I love that this argument is getting press. It is important to understand that Sunni and Shii have lived side by side in the Middle East for centuries. Meaning in the Safavid and Ottoman Empire, in Iran and Iraq, and in neighborhoods, marrying one another. 1 in every 3 marriages in Iraq is mixed. What does that tell you? While yes, there have been conflicts and skirmishes, it was never because of religious quarrels or differences, it was about power and politics, land and water, expanding empires with competeting interests in Baghdad, and the Shatt al Arab; there has been much more sharing and intermingling between these groups than conflict. I guarantee, very few people were talking about who was a Sunni and who was a Shii in the time of the Ottoman Empire. They were just all MUSLIMS. I also doubt many people, except Saddam Hussein, talked about it in Iraq before the invasion.

What people absolutely FAIL to understand, is that even though Saddam persecuted and massacred Shii, that does NOT mean that the average 'Sunni' Iraq disliked Shii. Saddam was a secular man who used a Sunni identity to oppress the majority 'Shii' population to keep himself in power. Iraqis under Saddam were so far removed from their government - they did not participate in politics and in society. They could not have been more distant from Saddam's policies. It is similar to the idea that just because someone was a Baathist did not mean they subscribed to Saddam's policies. They joined because if they did not, they would be jailed. Teachers, for example, joined to keep their jobs and receive salary increases.

Sunni and Shii lived side by side in Iraq before the invasion. They married one another. They lived in the same neighborhoods. In the same homes. Many probably did not even know their own neighbors' religious affiliation byond being Muslim or Christian.

My least favorite argument in the entire world about Iraq is: The calm before the invasion existed bc Saddam kept a tight lid on sectarianism. Sorry but BS. BSx500. This calm was not maintained because of the 'tight lid' Saddam kept on the population. There was nothing to keep a lid on.

The violence in Iraq today is due to the disbanding of the army and the US divide and rule political strategy after the invasion: Sunii, Shii, and Kurds will divide power, each in one main office. Why couldn't Iraqis have shared it?

While that division of power sounded so great to so many, it reminded me of the British strategy during the mandate system. (Whether US intentions were to divide and rule or not, that is what the US did.) After receiving the mandate to govern Iraq after the fall of the Ottoman Empire after WWI, the British included a portion of Kurdish population in the newly drawn Iraqi nation to prevent a strong united Iraqi government supported by a united Arab population.
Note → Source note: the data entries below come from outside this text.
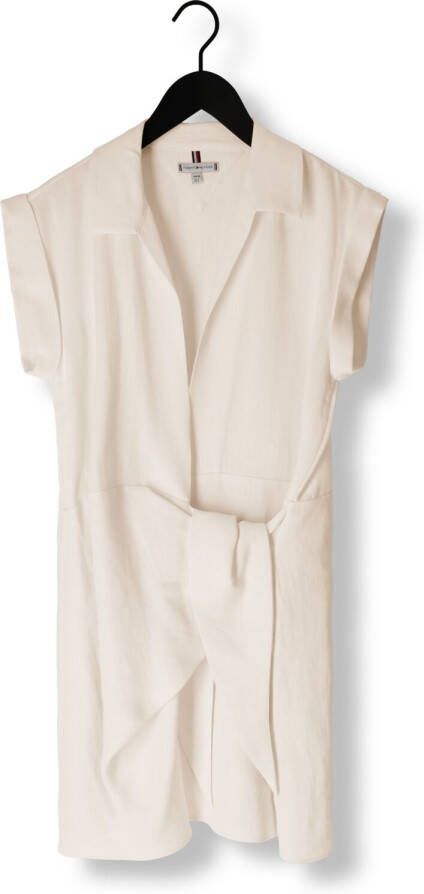 Tommy Hilfiger Witte Mini Jurk Linen Sleeveless Wrap Dress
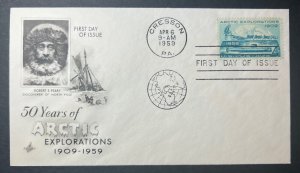 ARCTIC EXPLORATIONS APR 6 1959 CRESSON PA ARTCRAFT FIRST DAY COVER (FDC)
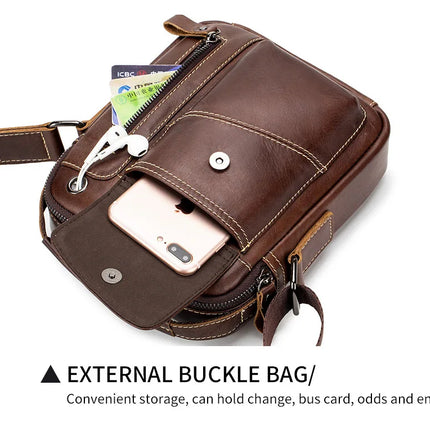 Men's Small Cowhide Single-shoulder Bag genuine leather fashion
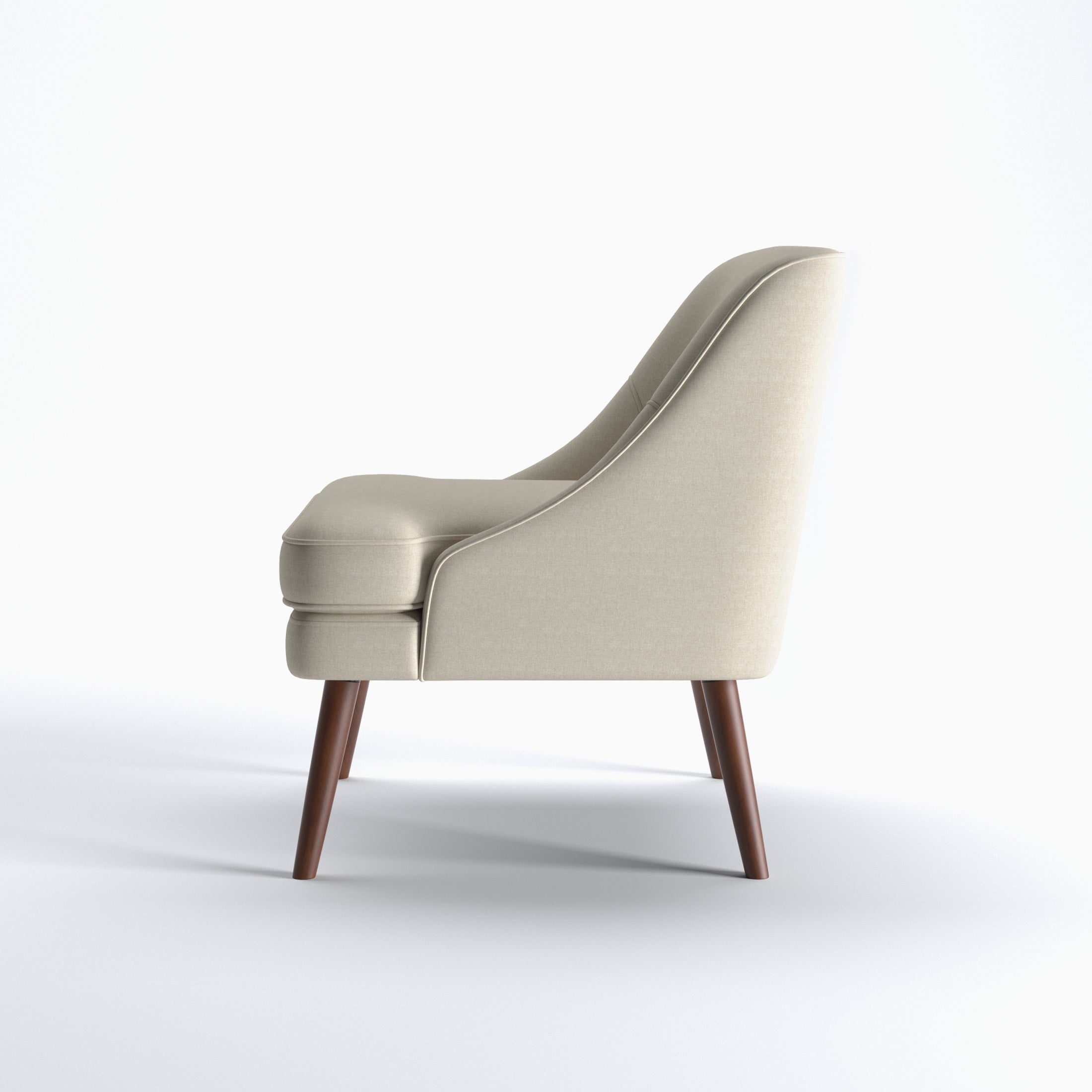 Dana Accent Chair in Faux Linen Beige shown from the side with a gently sloped back, integrated arm profile, thick seat cushion, and angled brown legs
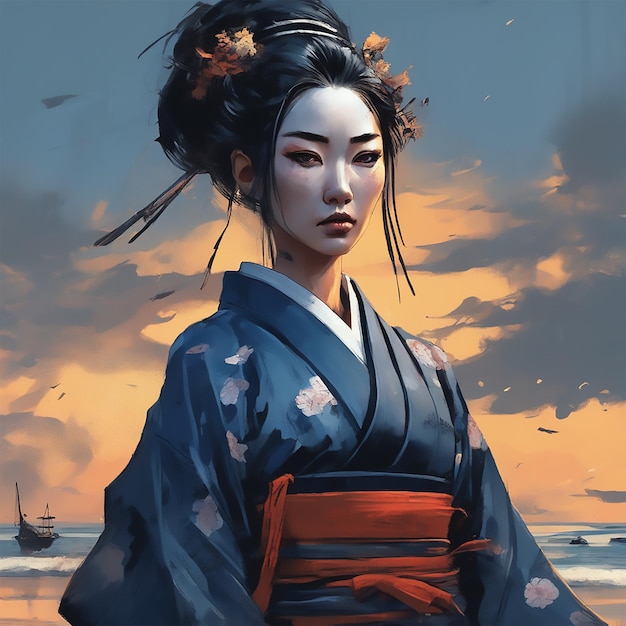 Yuan Ti Een mooie geisha die donkerblauwe zwarte hybride kleding draagt Karakterkunst Digitale illustratie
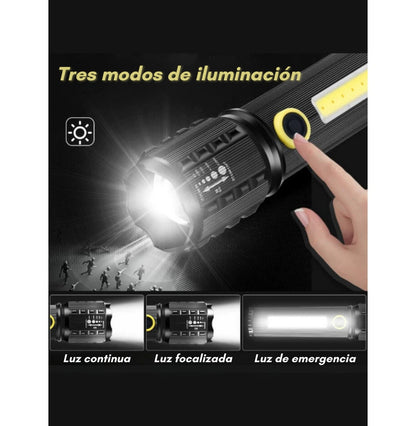 Linterna led con zoom 3modo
The British then encouraged feelings of Arab nationalism, which clearly would not settle well with Kurds. (This rise of ethnonationalism was new to the region; throughout the Ottoman Empire Kurds and Arabs lived side by side, both Muslims, both citizens of the Empire.) The British sought the divide the population by fomenting Arab and Kurds identities as antagonistic, just as they fomented hatred between the Muslim and Hindu population in India, between Jews and Palestinians in Palestine.

While US intentions may not have been to foment hatred between Sunni, Shii, and Kurds, their division of the population on ethnic and religious lines in a power and security vaccum they created did just that.